Over the years, there have been countless books written around films, actors or directors when it comes to evolution of Hollywood. However, as mentioned by Shubhra during the introduction chapter itself, she wanted to put together a book when she indeed had something to say.
Hence, what she does is dig down 50 (actually 51 – one more as an added measure eventually!) of her reviews from last 20 odd years, present them as-is, and then add 2-3 pages to that while sharing her views around these films as of today.
Honestly, this makes around the half the book exciting only for those who actually want to check out what the author had said about these chosen films back in the day. In the times when even the latest release has at least 50 published reviews from designated critics as well as 50000 social media reviews floating around within hours of release, one wonders what would actually prompt a reader to check out what anyone in particular had to say about some of the most famous films from the past.
Whether it Dilwale Dulhania Le Jayenge, Dil Chahta Hai, Rang De Basanti, Chak De! India, Dev D or Omkara – to name a few – each of these films has been bisected and dissected on countless occasions over the years.
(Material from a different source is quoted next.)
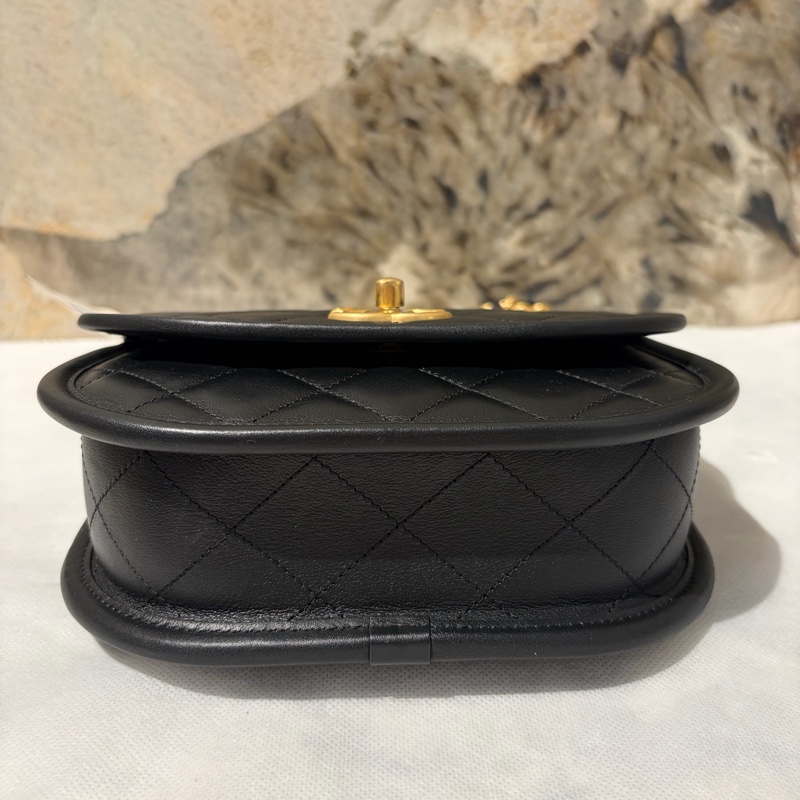 Chanel黑色小牛皮復古金釦小郵差包-4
Hence, to read about these verbatim – as they were printed back then – would require attention primarily from true movie buffs who want to have a blast from the past.
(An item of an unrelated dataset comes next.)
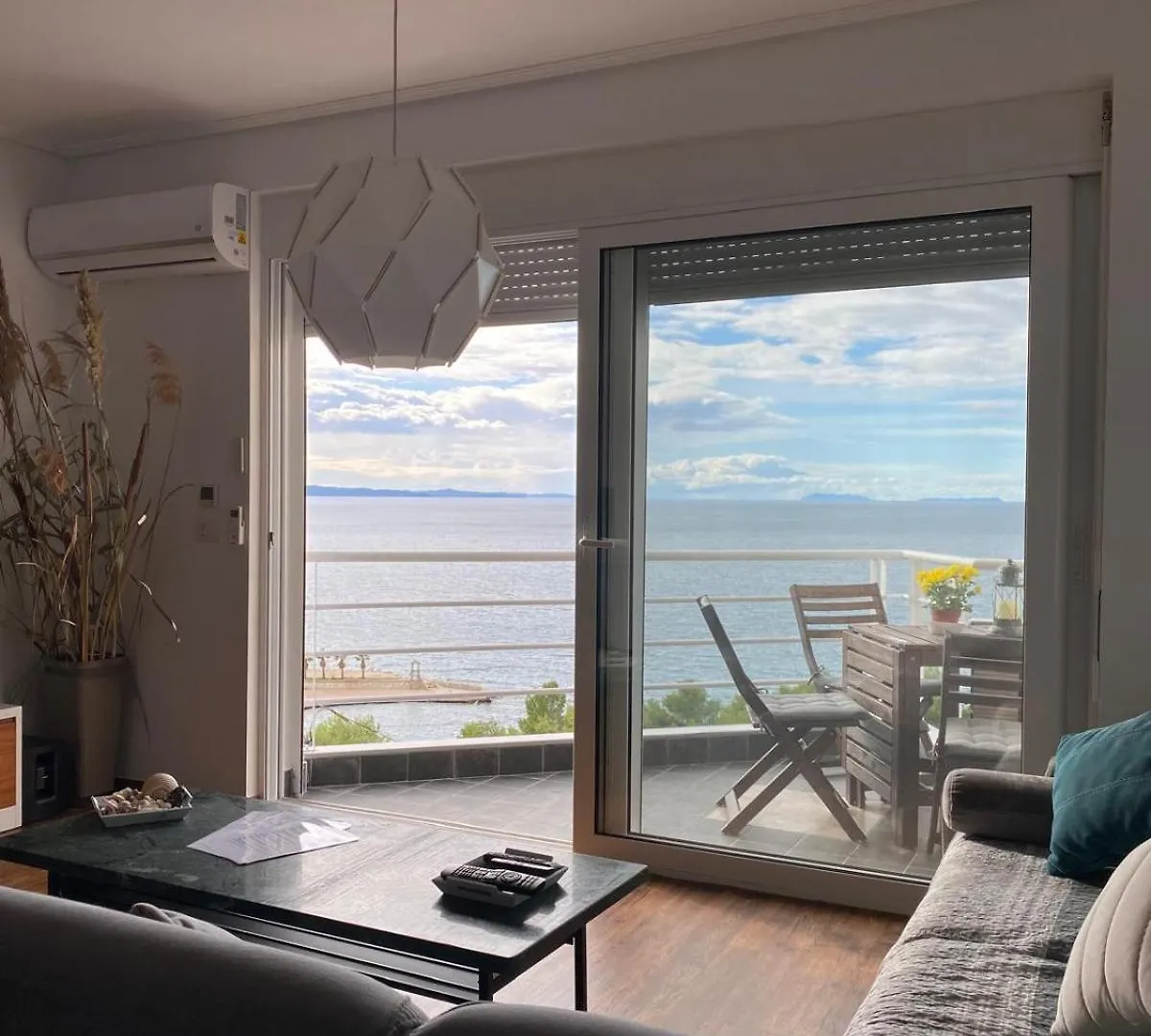 Apartment Sunset Apt - Beach, Relaxation, Best Location Sarande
As for the commentary that follows from today’s point of view, what with the author pretty much signifying that these are the films that have actually changed Bollywood, it only turns out to be of academic interest. Reason being that at least 30-35 of these 51 films listed would be on the top of the list of anyone and everyone who would be asked to name the ones that have made a difference over the years.
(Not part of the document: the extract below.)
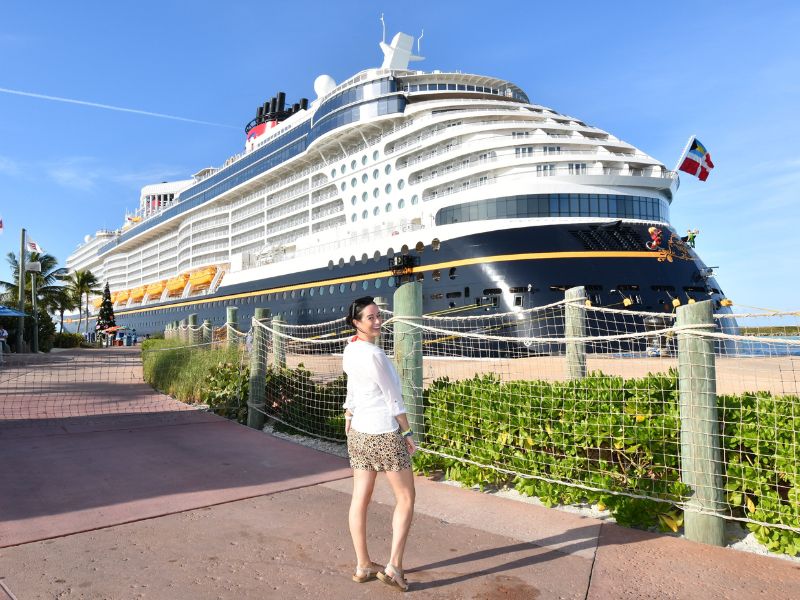 Cruise Mummy with Disney Treasure at Castaway Cay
Okay, so may be a Hum Tum or a Haasil or a Johnny Gaddaar or a Kabhi Alvida Naa Kehna or a Dum Laga Ke Haisha may not be everyone’s definition of ‘films that changed Bollywood’. However, one can’t expect to debate around a Satya or a Queen or a Ghajini or a Gadar: Ek Prem Katha or a Lagaan.
It is the lack of surprise factor that makes this book go as far as being one amongst the many well drafted write-ups around Bollywood.
Does it read right? Yes. Does the author have good command over the subject? Of course. Does it make for a good inclusion as a library material? Undoubtedly. However, is it a book that you wish to pick up in a jiffy and finish it in a single run due to any novelty factor? Not really!